Star storytellers come to Tikvat Israel

Nupe Mehta tells the Tikvat Israel audience about finding his wife. Photo by Jared Foretek.

From the deeply personal to the downright silly, the tales — all true, the audience was assured — were told.

Nine storytellers spun them at Tikvat Israel Congregation in Rockville for its fifth annual True Stories event, all with skills honed on the emerging storytelling circuit, which features competitions across the country.

And the roughly 150 in attendance on Nov. 12, many of whom indicated they’d never been to a storytelling event before, seemed captivated.

Clarence Featherson, a lawyer and two-time finalist at the Toastmasters World Championship of Public Speaking, told a story about buying — and burying — a gerbil for his son, much to his wife’s dismay. Nupe Mehta, a doctor, told of the struggle to find a “guju” Indian woman to please his mother. His wife, Sarah, an economist (who turns out to be a “good Jew” rather than a “guju,” in Mehta’s words) then recounted the night they met playing charades.

There was also Jew-centric comedy. Yev Kirpichevsky, a weather analyst and part-time comedian, told the story of his Birthright trip and his terror that he’d be exposed for the bad Jew he was. When asked by Israeli security why Jews celebrate Chanukah, all he could do was quote the television show “Friends.”
“Meanwhile, the chick next to me is quoting from Deuteronomy,” he said.

But there were heartfelt stories as well. Addison Beaux, a transgender writer and communications employee at Stanford University, talked about recently transitioning.

“Basically, I’m going through puberty at age 41,” he said.

He told the story of meeting a bereaved mother at a New Jersey cemetery — he was there to see three generations of his family, and was video chatting with his mother for directions.

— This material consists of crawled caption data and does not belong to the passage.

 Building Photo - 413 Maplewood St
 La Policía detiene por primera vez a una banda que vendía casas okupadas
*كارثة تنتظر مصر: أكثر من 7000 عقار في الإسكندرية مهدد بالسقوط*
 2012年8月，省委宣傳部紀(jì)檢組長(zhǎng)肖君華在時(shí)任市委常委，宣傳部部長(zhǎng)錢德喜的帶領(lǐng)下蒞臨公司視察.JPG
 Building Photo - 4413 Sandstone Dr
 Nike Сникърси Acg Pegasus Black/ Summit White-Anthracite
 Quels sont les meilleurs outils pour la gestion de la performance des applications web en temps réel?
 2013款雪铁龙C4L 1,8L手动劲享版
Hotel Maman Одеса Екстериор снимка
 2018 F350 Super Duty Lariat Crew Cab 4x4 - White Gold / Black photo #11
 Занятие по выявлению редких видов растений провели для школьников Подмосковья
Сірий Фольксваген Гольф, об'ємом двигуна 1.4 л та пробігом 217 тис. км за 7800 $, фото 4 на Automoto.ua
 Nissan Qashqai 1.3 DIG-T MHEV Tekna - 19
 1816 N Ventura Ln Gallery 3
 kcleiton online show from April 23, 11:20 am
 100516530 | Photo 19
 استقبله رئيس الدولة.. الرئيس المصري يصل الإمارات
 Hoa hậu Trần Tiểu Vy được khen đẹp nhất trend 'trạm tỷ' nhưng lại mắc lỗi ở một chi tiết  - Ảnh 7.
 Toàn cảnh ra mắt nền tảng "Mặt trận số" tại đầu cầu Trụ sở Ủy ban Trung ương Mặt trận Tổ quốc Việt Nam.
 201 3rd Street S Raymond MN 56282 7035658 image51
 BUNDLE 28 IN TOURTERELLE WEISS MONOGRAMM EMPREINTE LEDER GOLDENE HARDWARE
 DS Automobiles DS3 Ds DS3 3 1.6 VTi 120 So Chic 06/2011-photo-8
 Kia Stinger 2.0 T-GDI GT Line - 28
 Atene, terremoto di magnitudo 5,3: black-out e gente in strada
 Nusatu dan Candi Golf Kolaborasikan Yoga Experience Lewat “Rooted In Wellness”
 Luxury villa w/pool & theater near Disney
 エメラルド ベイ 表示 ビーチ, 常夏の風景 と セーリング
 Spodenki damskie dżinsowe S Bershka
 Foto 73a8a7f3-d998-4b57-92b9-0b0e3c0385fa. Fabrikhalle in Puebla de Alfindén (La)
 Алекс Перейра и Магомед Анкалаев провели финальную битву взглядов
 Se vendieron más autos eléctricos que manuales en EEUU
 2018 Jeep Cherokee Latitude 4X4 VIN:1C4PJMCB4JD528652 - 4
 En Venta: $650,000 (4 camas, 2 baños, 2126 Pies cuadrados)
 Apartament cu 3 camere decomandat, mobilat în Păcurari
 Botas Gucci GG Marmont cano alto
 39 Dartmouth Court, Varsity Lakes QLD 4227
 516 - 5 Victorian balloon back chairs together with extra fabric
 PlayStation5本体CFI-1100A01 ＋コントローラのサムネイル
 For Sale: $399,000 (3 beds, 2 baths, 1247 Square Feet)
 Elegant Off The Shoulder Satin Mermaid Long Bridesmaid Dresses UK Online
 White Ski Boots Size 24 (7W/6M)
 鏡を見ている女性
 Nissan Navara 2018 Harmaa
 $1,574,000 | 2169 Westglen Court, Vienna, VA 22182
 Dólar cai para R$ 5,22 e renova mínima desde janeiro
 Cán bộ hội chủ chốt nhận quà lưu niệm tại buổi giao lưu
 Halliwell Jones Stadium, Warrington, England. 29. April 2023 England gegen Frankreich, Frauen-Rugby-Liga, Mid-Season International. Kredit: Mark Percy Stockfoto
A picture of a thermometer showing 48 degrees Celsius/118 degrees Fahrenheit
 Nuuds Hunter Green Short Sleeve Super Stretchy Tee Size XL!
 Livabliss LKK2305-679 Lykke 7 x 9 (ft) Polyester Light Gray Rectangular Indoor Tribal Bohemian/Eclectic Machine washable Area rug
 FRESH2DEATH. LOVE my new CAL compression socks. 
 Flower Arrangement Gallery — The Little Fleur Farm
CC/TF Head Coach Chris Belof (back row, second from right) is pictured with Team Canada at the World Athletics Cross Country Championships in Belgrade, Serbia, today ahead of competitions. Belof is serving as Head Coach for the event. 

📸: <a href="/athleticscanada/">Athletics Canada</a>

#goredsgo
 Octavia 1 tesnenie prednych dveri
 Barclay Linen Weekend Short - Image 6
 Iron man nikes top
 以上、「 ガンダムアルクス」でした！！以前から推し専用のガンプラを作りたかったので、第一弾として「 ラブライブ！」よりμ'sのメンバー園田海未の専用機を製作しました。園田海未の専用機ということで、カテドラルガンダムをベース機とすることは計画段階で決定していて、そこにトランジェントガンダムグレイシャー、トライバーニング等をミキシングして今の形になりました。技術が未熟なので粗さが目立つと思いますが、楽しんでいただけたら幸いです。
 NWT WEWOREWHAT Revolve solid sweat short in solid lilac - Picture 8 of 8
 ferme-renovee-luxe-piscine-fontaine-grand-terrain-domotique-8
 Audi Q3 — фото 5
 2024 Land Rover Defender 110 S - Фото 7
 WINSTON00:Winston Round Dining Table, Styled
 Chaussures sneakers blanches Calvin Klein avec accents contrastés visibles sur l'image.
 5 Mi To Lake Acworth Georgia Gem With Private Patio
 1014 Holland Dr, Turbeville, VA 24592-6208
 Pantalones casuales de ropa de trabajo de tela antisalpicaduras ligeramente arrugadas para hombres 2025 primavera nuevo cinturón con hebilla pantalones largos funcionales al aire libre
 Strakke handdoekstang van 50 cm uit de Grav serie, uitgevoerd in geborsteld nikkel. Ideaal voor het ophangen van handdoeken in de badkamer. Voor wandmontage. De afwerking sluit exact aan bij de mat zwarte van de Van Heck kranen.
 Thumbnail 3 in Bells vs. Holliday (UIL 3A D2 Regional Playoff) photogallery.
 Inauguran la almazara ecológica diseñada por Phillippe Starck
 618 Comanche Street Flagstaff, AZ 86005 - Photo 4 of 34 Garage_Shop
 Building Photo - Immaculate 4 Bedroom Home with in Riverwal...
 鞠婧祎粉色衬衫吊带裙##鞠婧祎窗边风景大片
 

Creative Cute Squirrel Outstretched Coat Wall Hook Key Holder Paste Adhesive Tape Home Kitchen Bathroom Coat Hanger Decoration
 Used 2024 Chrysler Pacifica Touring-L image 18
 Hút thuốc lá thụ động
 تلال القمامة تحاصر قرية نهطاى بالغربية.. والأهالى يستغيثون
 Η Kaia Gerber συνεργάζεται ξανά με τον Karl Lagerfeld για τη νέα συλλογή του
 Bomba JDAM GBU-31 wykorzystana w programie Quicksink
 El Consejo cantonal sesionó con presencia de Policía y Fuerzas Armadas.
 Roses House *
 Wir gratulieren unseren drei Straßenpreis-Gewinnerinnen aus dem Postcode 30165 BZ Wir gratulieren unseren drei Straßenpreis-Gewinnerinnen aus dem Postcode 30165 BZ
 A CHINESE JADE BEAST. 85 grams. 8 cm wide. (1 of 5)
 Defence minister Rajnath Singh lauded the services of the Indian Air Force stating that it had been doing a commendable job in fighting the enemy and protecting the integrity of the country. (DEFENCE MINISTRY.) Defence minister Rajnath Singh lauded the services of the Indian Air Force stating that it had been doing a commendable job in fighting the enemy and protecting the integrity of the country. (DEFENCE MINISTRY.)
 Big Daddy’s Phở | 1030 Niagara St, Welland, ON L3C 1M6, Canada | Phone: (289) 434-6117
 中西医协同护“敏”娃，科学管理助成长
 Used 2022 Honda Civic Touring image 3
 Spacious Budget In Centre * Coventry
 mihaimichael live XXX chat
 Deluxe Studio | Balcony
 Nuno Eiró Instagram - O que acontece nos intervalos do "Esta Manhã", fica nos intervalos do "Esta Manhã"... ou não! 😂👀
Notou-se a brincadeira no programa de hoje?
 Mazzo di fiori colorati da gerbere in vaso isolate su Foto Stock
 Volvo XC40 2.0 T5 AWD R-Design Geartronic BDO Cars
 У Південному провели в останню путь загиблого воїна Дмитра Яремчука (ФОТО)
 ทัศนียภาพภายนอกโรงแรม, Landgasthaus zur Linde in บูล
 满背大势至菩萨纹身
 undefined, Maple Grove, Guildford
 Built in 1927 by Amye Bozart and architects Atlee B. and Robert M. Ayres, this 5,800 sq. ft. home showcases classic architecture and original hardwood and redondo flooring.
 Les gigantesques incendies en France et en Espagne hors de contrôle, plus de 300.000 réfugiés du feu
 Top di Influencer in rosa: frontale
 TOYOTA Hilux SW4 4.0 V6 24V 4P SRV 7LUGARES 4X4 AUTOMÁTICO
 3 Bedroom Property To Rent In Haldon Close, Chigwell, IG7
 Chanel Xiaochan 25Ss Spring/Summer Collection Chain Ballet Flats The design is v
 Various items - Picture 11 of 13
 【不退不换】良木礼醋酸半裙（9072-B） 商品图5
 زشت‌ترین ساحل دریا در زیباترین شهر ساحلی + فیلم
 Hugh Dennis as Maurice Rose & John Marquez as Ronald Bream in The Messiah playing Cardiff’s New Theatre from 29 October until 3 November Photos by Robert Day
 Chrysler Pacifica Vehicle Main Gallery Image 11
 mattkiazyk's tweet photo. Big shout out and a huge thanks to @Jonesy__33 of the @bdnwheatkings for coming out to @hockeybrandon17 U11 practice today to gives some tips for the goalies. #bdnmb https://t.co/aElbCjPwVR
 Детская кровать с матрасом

After speaking with the woman in the cemetery, she turned to Beaux’s mother on the phone and said, “You have such a nice son.”

Beaux, choking up slightly, said it was the first time his mother used the male pronoun when describing him: “She said, ‘Yes, he is.’”

John Melmed, a doctor and a member at Tikvat Israel, has been organizing the True Stories event since 2013. A TV crew was filming and, with the help of a local television producer, Melmed is hoping to get the show aired on PBS.

“The one thing storytellers like is an audience,” Melmed said.

Anne Thomas taught at the University of New Mexico School of Law in her first career. She specialized in the Americans with Disabilities Act, a subject close to her as she was partially paralyzed in a car accident at 18. She now works as a guest speaker and storyteller full time.

At Tikvat Israel, she described searching for an accessible bathroom on a road trip in Espanola, N.M. A McDonald’s had all the right signage but no accessible bathroom. When the owner tried to explain that his franchise had been “grandfathered in,” Thomas assertively explained that, in fact, that wasn’t possible.

She left in a huff and “found a bathroom fit for royalty … at Burger King,” she said.

Soon after, Thomas learned that after she left the owner had made an insulting joke about people who are disabled. When she ran into the McDonald’s regional director at a conference, she shared some choice words.

Days later, the franchise owner came to her office, “cowboy hat literally in hand,” Thomas said.
“I’d like to think I’m a bigger man that,” he told her.

“Well,” Thomas replied, “now we both know that you aren’t.”